McKerrow was a leading middle-distance runner from the age of 13, and broke the Otago provincial record for Under 17, and later Under 19, 880 yards with a time of one minute, 57.8 seconds. He won a number of athletic titles at the Otago and Southland Inter-Secondary school championships, and ran his first marathon at 17, recording a time of three hours, 10 seconds. He represented Otago province at junior level athletics and rugby before turning his attention to venturing into the hills and mountains, where he established himself as a mountaineer and skier.

==Mountaineering and polar travel==
At the age of 19, McKerrow was selected to be a member of a New Zealand mountaineering expedition to Peru, to the remote Cordillera Vilcabamba. The expedition spent four months climbing and exploring. McKerrow climbed 12 peaks and did eight first ascents.
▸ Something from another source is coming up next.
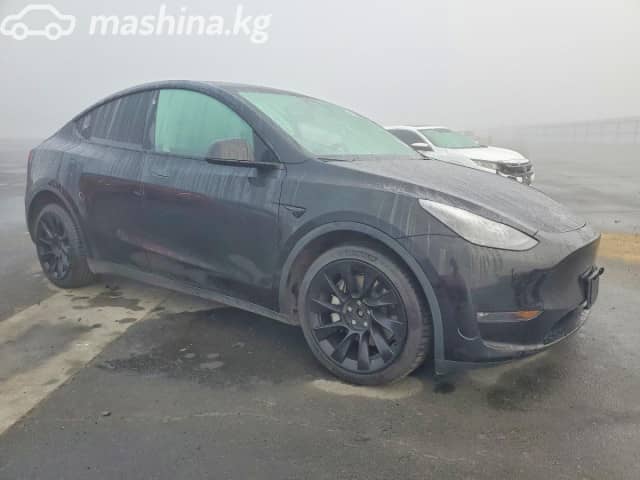 Tesla Model Y I Long Range Electro AT 4WD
The most notable climb was the first ascent of the north face of Mellizos with John E.S.Lawrence.

In 1969/70, he spent 13 months in Antarctica as a member of New Zealand's Department of Scientific and Industrial Research Antarctic Expedition where he was in charge of seismology, geomagnetics and earth currents. He went first to Scott Base in early October 1969, and in January 1970 moved to Vanda Station in the Wright Valley, and was part of a four-man team that wintered over in Antarctica. At that time, the four-person party was the smallest ever expedition to winter over in. In an era of self-regulation, the team did many winter trips with temperatures frequently between -40 and -50 C, including trips into the Asgard Range and McKerrow attempting Mount Newall with Gary Lewis.
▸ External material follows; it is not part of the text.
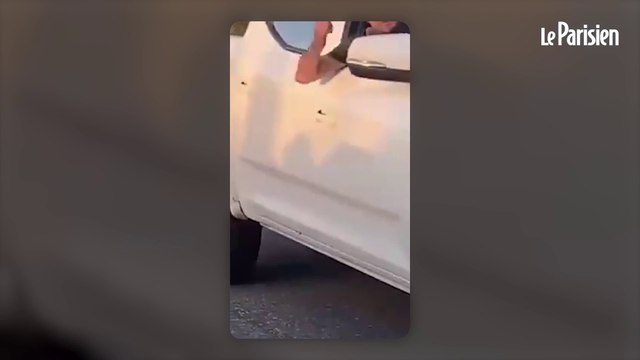 Un chameau de l’armée russe capturé par des soldats ukrainiens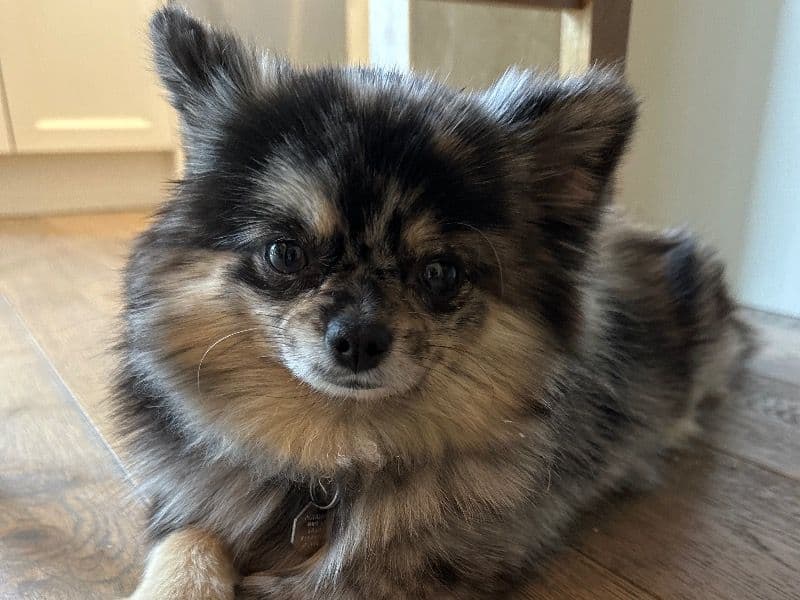 Coco primary photo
McKerrow has climbed and trekked extensively in New Zealand, Europe, Peru, Antarctica, Borneo, East Africa, Nepal, India, Central Asia, and has also been a member expeditions to the Arctic and Antarctic.

In 1985, polar explorer and arctic conservationist Will Steger invited McKerrow to join him on a training expedition in preparation for an unsupported trip with dogs to the North Pole the following year. McKerrow, Steger, Paul Schurke, Bob Mantell, and Richard Weber departed the settlement of Arctic Red River (now Tsiigehtchic) on the Mackenzie River and travelled downriver to the Arctic Ocean, and then along the coast of Canada to Demarcation Point. They crossed into Alaska, and continued to Point Barrow, a trip of 1500 km. McKerrow took part in the unsupported 1986 North Pole expedition, but had to be airlifted out after a month with broken ribs.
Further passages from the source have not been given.